Dann geht es um Macht, Recht und Zusammenleben.
Hollywood spielt diese Szenarien bereits durch.
Serien wie *Falling Skies*, *V*, *Captive State* und *Colony* zeigen vor allem Besatzung, Überwachung und Widerstand.
Andere Geschichten behandeln Außerirdische als Einwanderer, Flüchtlinge oder Teil einer neuen pluralistischen Gesellschaft.
Nach Ansicht von Zabel und Friedman handeln solche Geschichten deshalb meistens weniger von Aliens als von unseren eigenen Ängsten und politischen Konflikten.
Besonders ungewöhnlich sei das Hive-Mind-Szenario aus *Pluribus*: Es verspricht Frieden, beendet aber zugleich Einsamkeit, Konflikte und persönliche Individualität.
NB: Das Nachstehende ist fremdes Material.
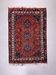 Antique tribal rug 320x220 cm wool oriental hand made carpet red, brown, blue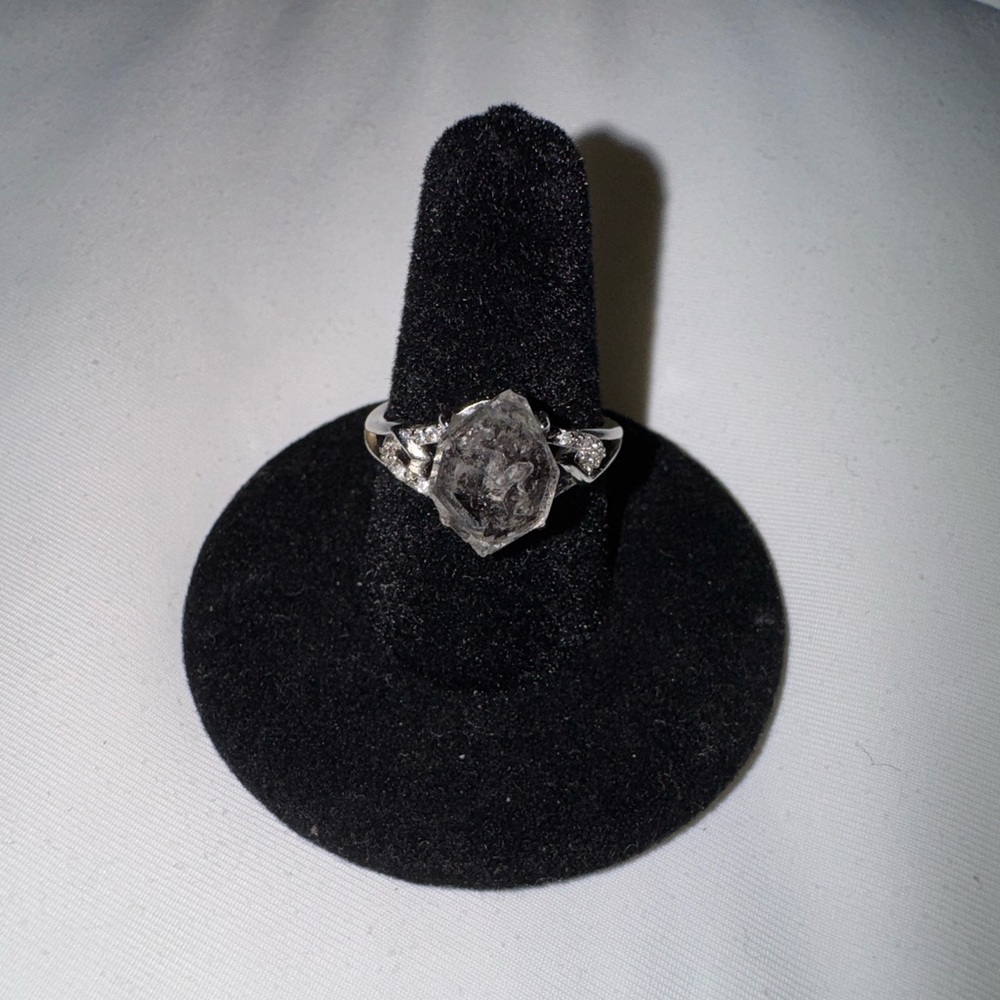 Small Herkimer Diamond Ring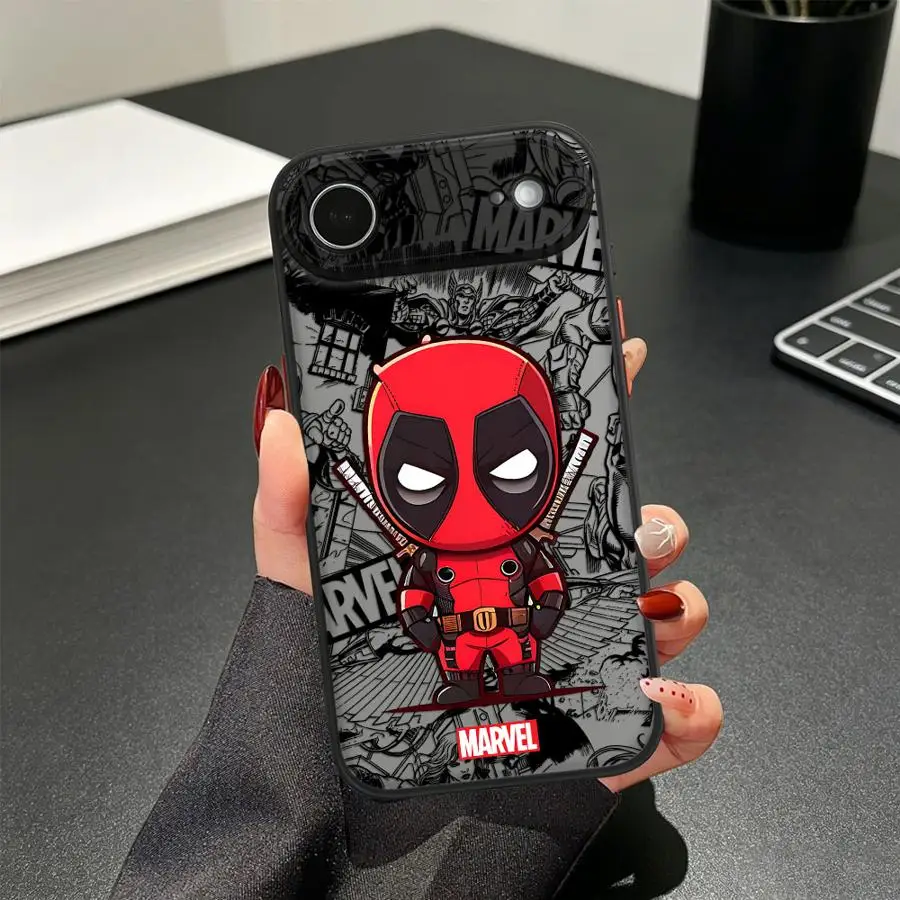 Чехол Deadpool Venom для iPhone 17 Pro Max 15 17e 12 13 Mini Air 14 XS XR 11 16 Plus 7 8 SE, задняя крышка-накладка для телефона (art.: 3920dbe45f422) - 3920dbe45f422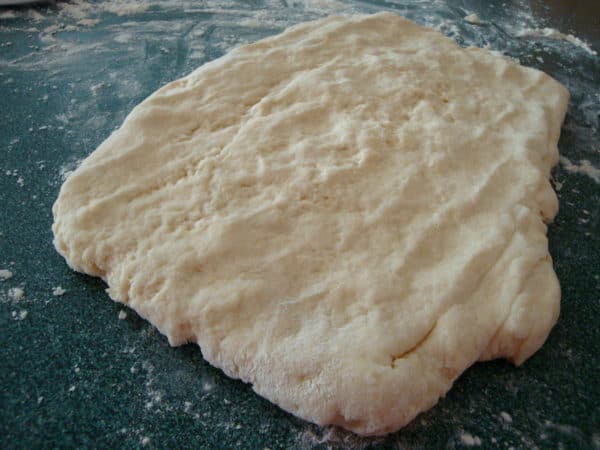 Rolled out biscuit dough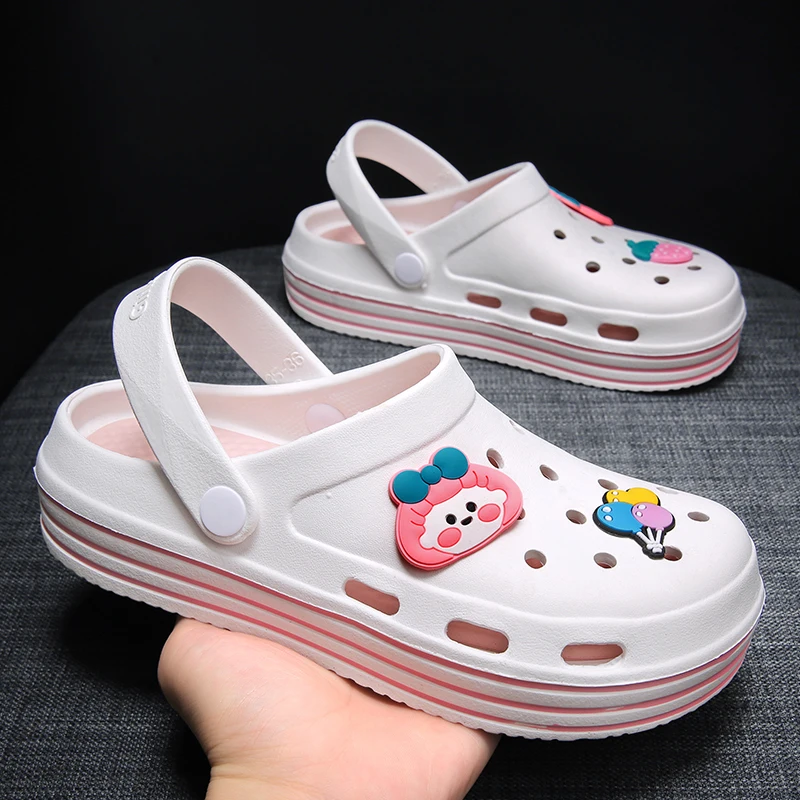 

Summer EVA Women's Clogs Round Platform Sandals For Women Comfortable Soft Non-Slip Sports Beach Sandals Woman sandalias mujer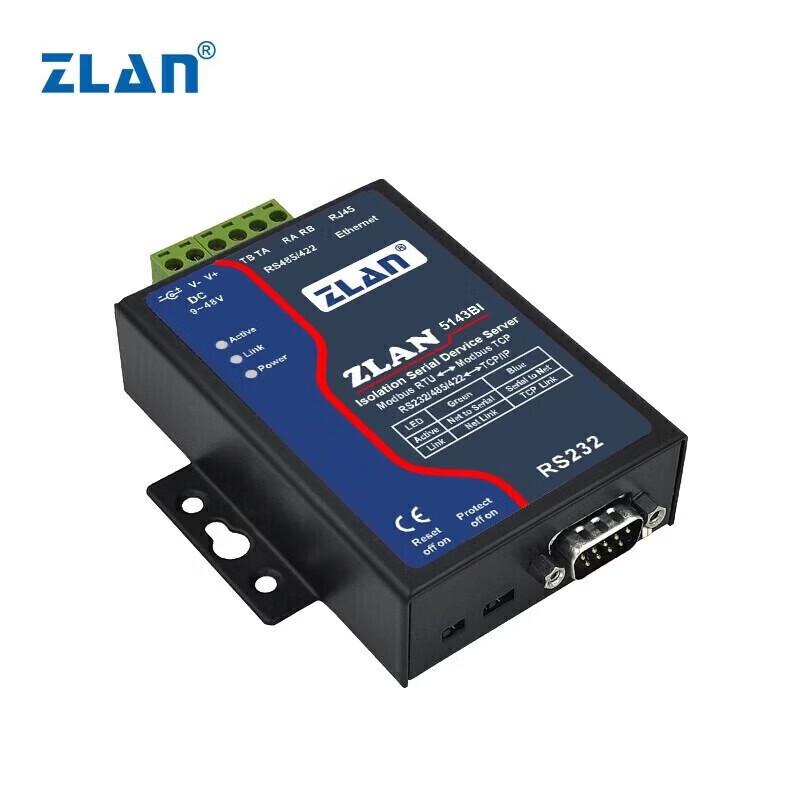 ZLAN 5143BI Isolated Serial Server
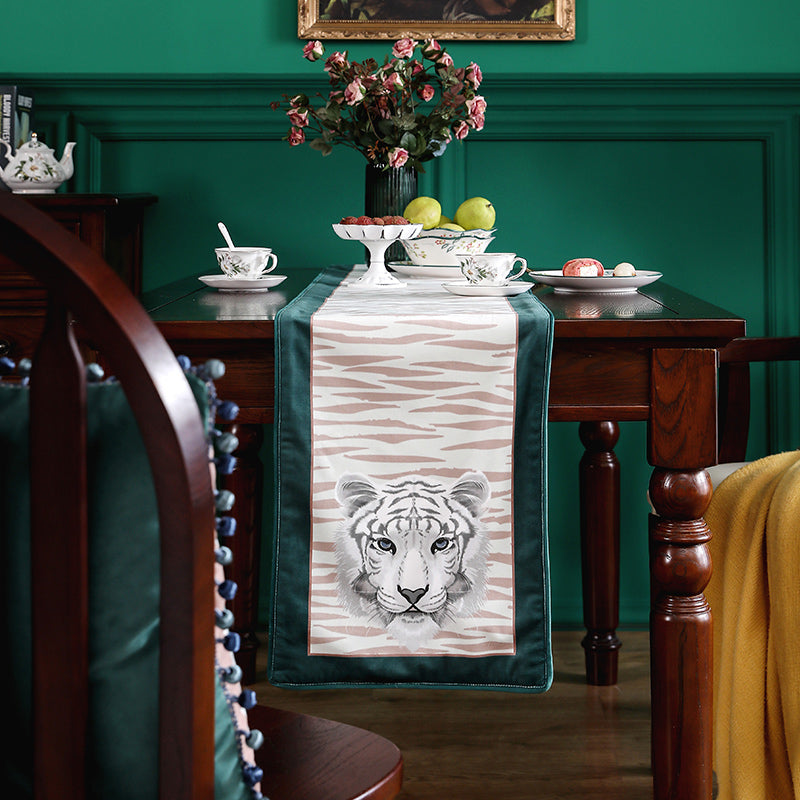 DUNXDECO | TIGER PRINT TABLECLOTH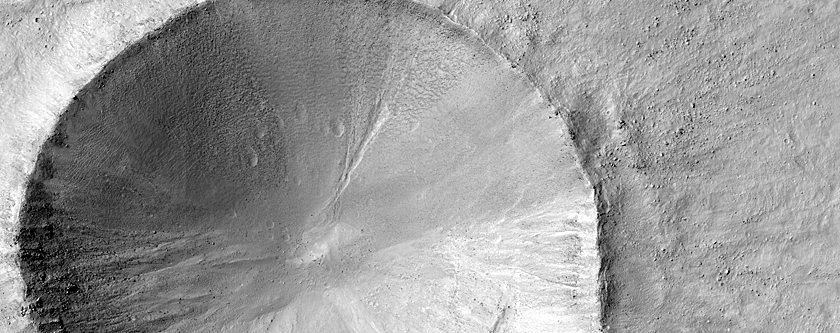 Monitor Slope Features in Tivat Crater
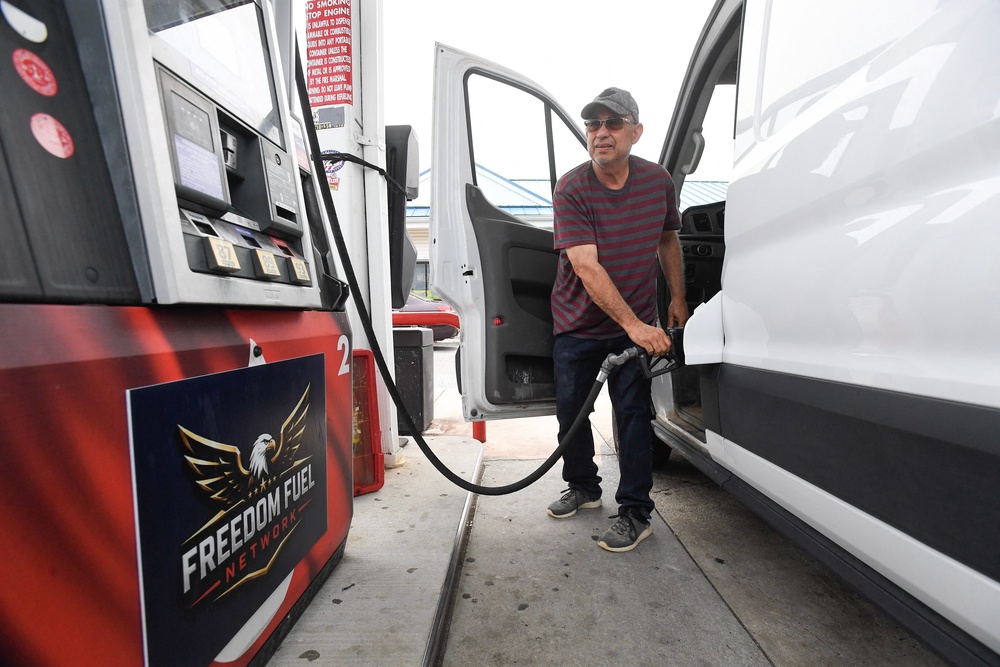 The Iran war's impact on gas prices cost American drivers a collective $59 billion through May (AFP/Getty)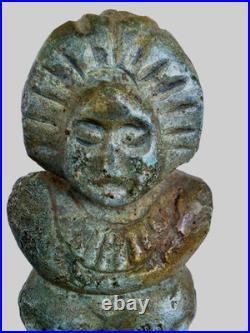 3000 BC Ancient Neolithic, Prehistoric Carved Stone Statue Mother Goddess Idol
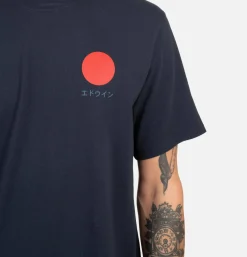 EDWIN T-shirts*Japanese Sun Tee Shirt Navy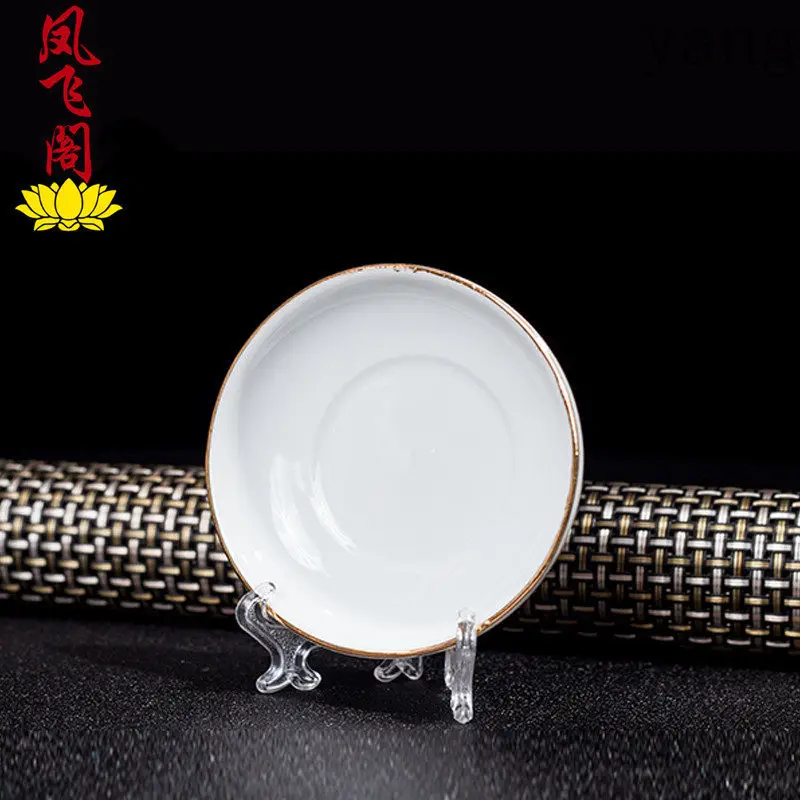 Yjq 2pcs God of Wealth Offering Cup Xiantang Lucky Treasure Hall Supplies Ceramic Holy Water Cup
Die beiden fragen außerdem, ob Hollywood nur menschliche Urängste verarbeitet – oder die Gesellschaft unbewusst auf verschiedene Formen eines Kontakts vorbereitet.
Die zentrale Perspektive des Videos lautet: Der Kontakt wäre nur der Wendepunkt – entscheidend wäre die Zivilisation, die danach entsteht.